Your task is to give the number of lines in the listing that include "zwei", and nothing else.

## RECORD SET
_ _ _

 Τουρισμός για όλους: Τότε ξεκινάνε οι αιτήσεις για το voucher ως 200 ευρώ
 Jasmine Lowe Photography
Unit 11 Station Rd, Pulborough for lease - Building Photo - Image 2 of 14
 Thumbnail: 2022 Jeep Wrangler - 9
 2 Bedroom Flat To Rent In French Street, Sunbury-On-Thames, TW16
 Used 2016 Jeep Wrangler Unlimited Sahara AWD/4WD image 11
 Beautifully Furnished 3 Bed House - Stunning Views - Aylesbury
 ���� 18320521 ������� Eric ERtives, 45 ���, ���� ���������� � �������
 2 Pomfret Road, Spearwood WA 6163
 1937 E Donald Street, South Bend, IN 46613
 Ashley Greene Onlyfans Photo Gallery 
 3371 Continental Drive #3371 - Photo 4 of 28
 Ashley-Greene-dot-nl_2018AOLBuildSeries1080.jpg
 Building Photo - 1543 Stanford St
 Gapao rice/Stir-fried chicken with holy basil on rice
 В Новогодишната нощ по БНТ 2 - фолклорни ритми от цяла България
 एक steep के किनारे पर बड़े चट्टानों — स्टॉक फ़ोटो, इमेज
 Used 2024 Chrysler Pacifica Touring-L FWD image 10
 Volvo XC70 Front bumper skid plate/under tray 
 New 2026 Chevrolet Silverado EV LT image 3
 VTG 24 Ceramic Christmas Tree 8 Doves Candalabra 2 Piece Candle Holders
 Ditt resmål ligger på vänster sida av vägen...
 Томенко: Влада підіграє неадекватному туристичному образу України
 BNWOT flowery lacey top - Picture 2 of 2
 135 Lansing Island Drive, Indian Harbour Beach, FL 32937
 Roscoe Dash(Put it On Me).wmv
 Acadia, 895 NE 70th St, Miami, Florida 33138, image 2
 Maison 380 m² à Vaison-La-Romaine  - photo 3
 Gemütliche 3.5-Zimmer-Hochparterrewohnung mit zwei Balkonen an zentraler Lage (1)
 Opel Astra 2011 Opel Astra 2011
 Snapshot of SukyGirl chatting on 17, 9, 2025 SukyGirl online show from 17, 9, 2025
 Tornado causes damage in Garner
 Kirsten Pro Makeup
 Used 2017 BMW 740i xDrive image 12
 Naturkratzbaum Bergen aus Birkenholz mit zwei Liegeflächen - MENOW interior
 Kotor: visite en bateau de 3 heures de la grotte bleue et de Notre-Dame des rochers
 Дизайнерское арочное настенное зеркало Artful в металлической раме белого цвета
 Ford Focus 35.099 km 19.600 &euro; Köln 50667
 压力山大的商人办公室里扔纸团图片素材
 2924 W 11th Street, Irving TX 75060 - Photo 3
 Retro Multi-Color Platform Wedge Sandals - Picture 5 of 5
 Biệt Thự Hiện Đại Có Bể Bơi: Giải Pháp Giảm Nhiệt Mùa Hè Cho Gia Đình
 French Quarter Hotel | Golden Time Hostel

_ _ _

## TASK RESULT
2